⟨
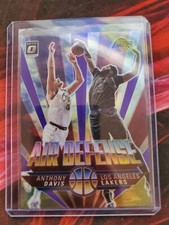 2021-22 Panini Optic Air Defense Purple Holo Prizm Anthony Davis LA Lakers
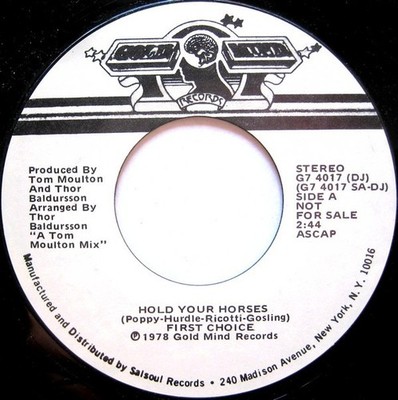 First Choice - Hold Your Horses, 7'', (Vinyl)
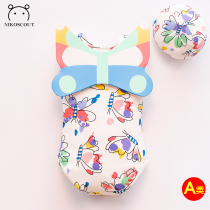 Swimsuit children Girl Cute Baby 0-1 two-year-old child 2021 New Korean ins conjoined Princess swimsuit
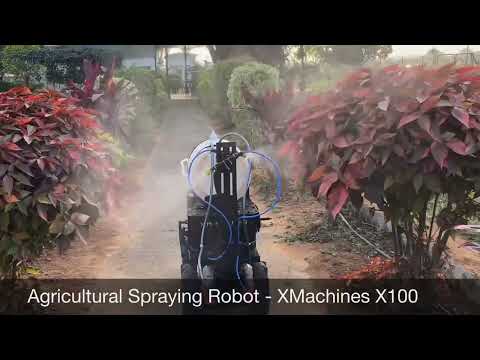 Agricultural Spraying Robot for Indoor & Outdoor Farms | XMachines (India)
⟩
⟨
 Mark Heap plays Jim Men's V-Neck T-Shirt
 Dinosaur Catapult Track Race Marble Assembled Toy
⟩
(WHAT YOU NEED TO DO):
Your task is to transcribe, with no changes, only the lines of the listing above that lie between the line holding "Mark Heap plays Jim Men's V-Neck T-Shirt" and the line holding "Dinosaur Catapult Track", inclusive.

(RESULT OF THE EXERCISE):
 Mark Heap plays Jim Men's V-Neck T-Shirt
 Dinosaur Catapult Track Race Marble Assembled Toy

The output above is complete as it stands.